An den Kliniken Essen-Mitte ist ein Modellprojekt gestartet, das sich mit der so genannten integrativen Onkologie befasst. Im Kampf gegen den Brustkrebs bei Frauen sollen dafür Schulmediziner mit Alternativmedizinern Hand in Hand zusammenarbeiten.
_Integrative Onkologie gegen Krebs
Ziel des Modellprojekts ist es, die breite Masse darauf aufmerksam zu machen, dass die alternative Medizin zahlreiche Vorteile für die Patienten bietet, die die Behandlungserfolge der Schulmedizin unterstützen können.
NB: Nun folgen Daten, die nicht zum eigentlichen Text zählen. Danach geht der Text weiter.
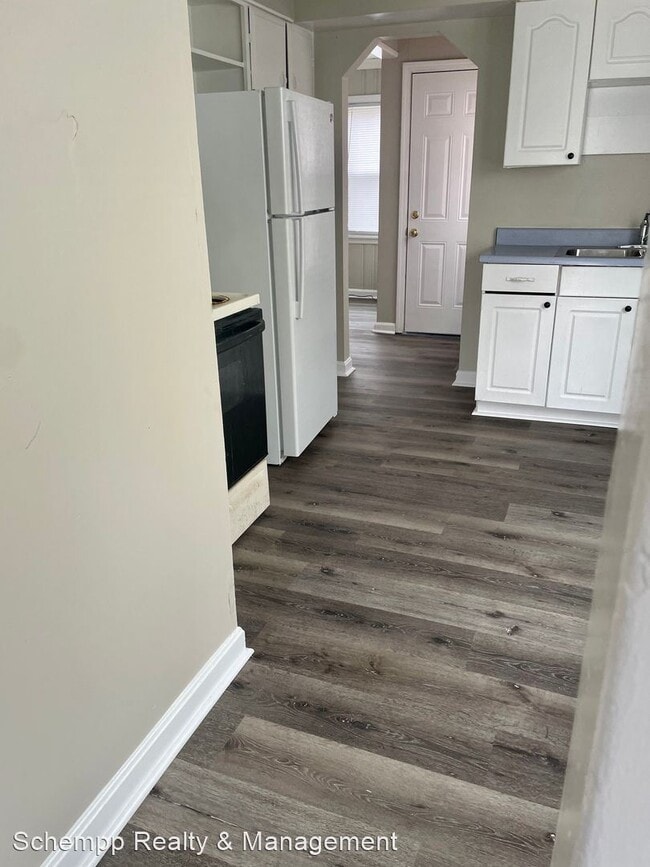 Building Photo - 3 br, 1 bath House - 2117 Ratcliffe Ave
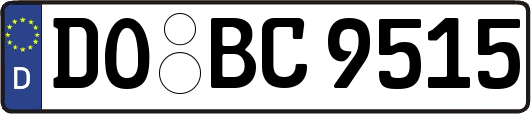 DO-BC9515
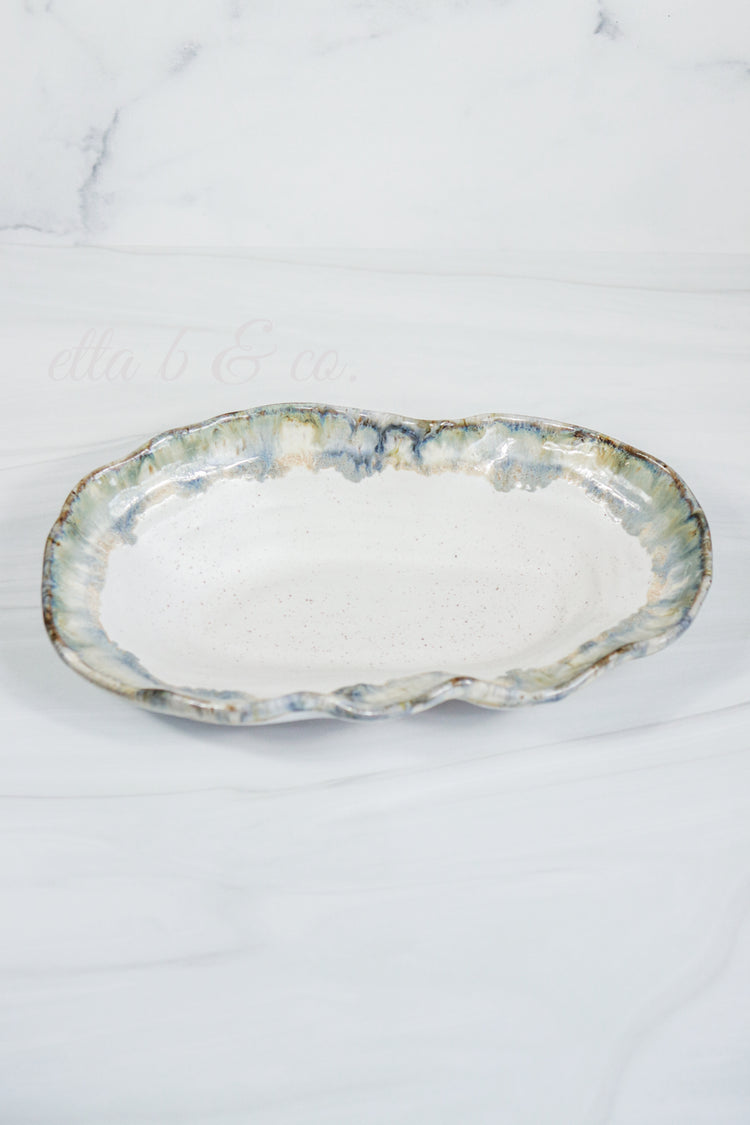 Organic Candy Dish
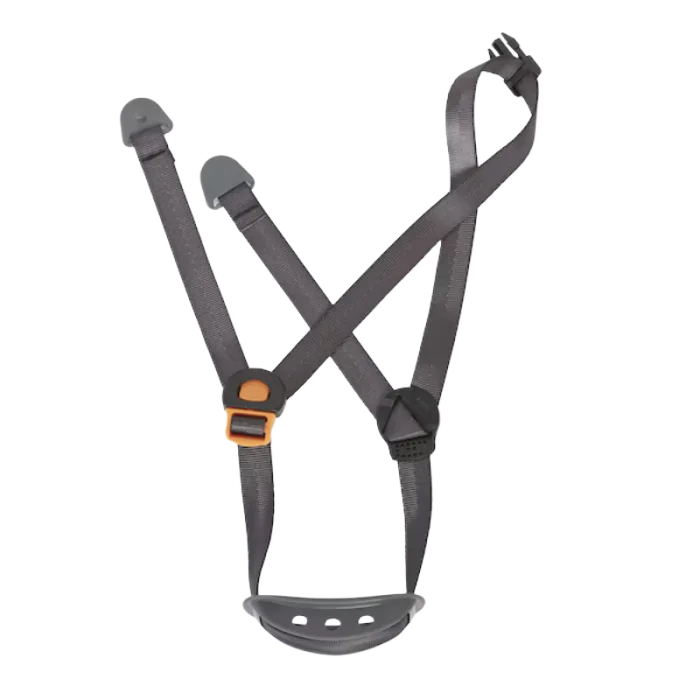 Jackson Safety Hjelmrem – Justerbar, Komfortabel (20932, 1 Stykk)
Es soll keinesfalls die Werbetrommel dafür gerührt werden, nur noch alternative Heilmethoden anzuwenden, denn damit könnten ernste Erkrankungen ohnehin nicht bekämpft werden. Der sinnvolle Einsatz von Massagen, Akupunktur, Bewegungsprogrammen und Co. aus der alternativen Medizin könne aber die Behandlungserfolge aus den klassischen Therapien verbessern.
Dazu haben die Ärzte der Klinik nun sogar ein Buch verfasst. Sie gehen davon aus, dass 70 bis 90 Prozent aller Krebspatienten zusätzlich zur Schulmedizin alternative Heilmethoden anwendeten. Andere Aussagen sprechen zwar nur von 50 Prozent, doch muss bedacht werden, dass viele Patienten die behandelnden Ärzte gar nicht über weitere medizinische Maßnahmen informieren. Die Angst vor dem Unverständnis des Arztes ist hierbei einfach zu groß.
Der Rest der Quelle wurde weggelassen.